- [TO DO] Look below for the line that has "this 1000×667 image."; output exactly from it through the line that has "this 1000×666 image.", and leave the pictures out.

- [EXCERPTED DATA]
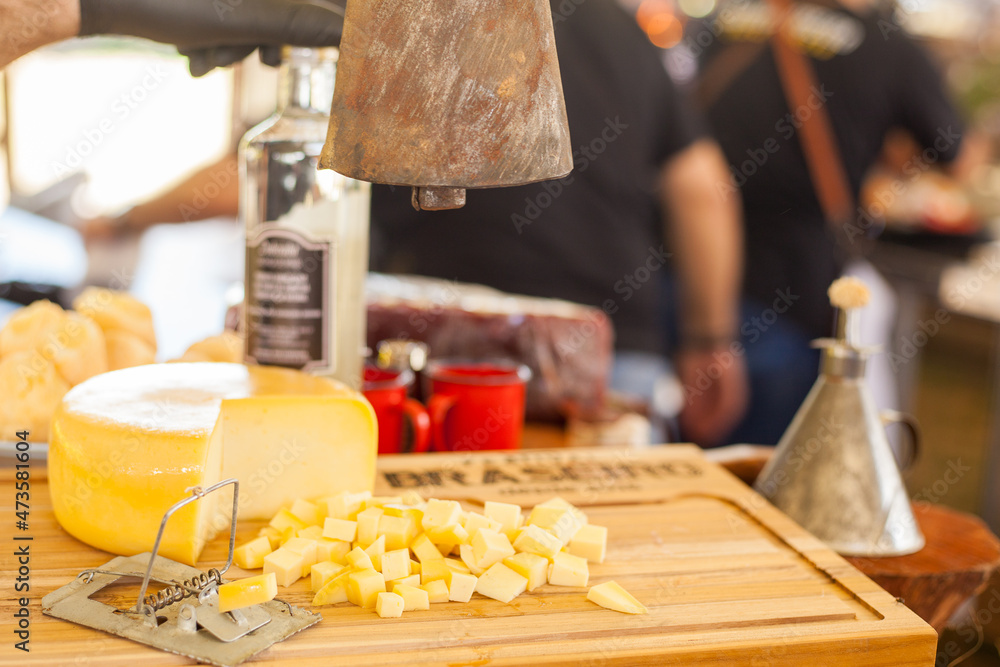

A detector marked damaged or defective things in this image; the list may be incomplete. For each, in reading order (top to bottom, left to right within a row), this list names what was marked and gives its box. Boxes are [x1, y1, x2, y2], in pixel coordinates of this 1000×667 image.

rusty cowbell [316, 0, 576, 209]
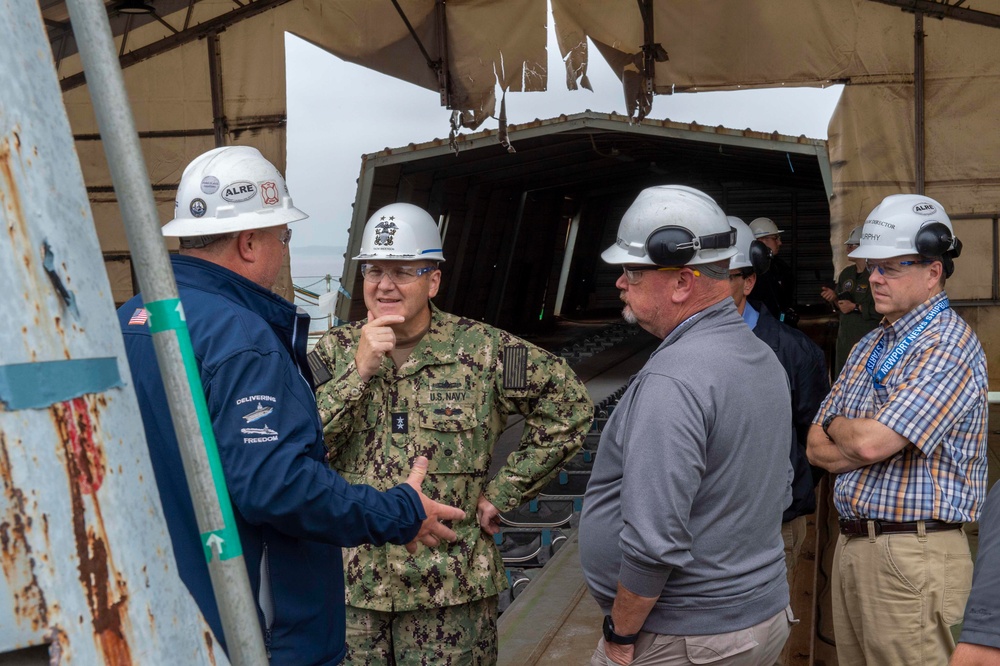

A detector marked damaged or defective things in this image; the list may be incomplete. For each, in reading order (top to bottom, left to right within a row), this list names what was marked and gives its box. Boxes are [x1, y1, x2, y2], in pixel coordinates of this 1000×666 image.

* * *

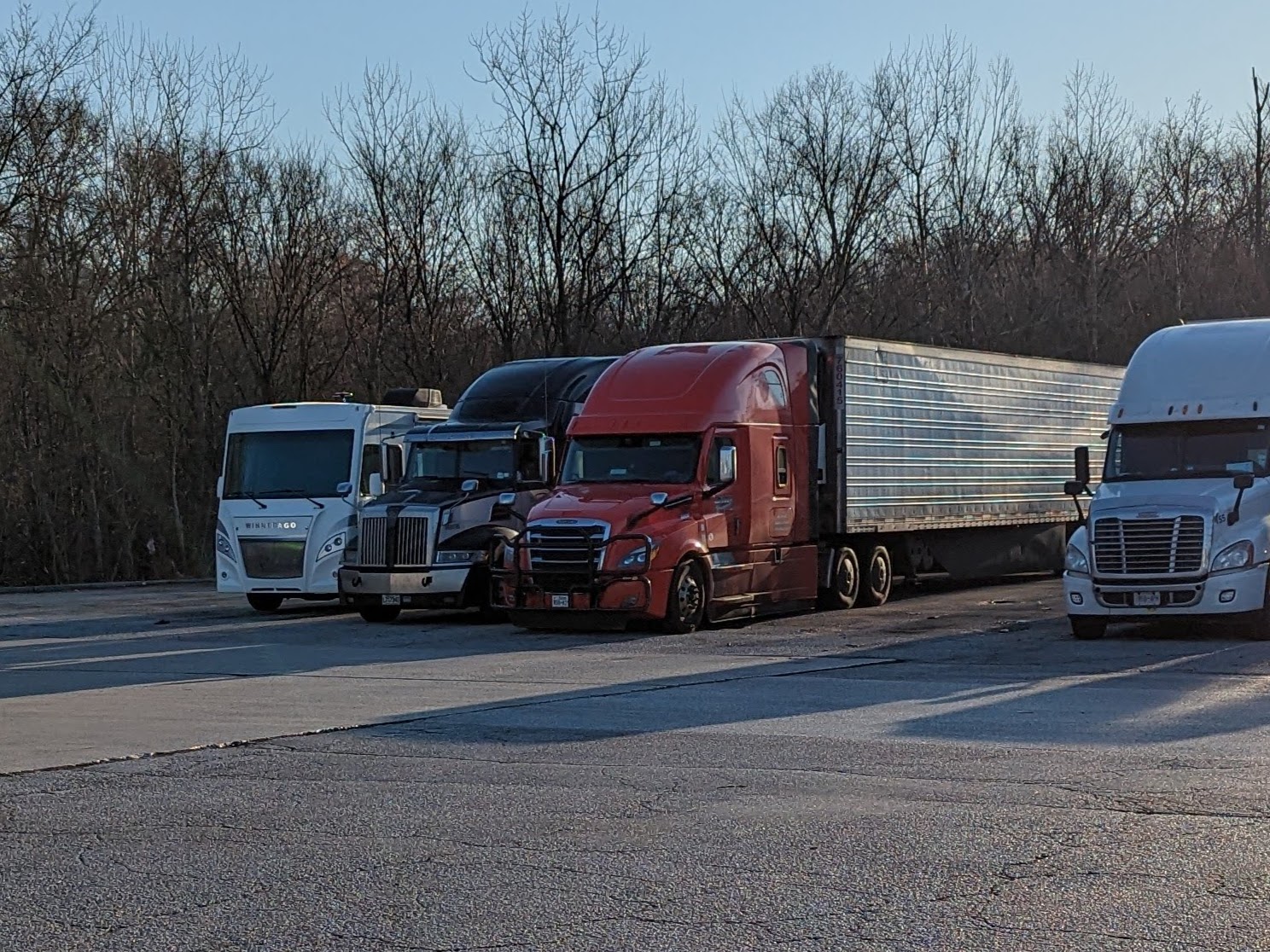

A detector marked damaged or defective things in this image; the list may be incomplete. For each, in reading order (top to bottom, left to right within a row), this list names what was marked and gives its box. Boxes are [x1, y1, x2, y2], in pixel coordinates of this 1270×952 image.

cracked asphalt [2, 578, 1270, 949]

- [COMPLETED TASK]
A detector marked damaged or defective things in this image; the list may be incomplete. For each, in reading order (top to bottom, left to right within a row), this list names what was marked and gives its box. Boxes are [x1, y1, x2, y2], in pixel coordinates of this 1000×667 image.

rusty cowbell [316, 0, 576, 209]

A detector marked damaged or defective things in this image; the list may be incomplete. For each, in reading order (top to bottom, left to right within a row), this list names what was marked and gives its box. Boxes are [x1, y1, x2, y2], in pixel coordinates of this 1000×666 image.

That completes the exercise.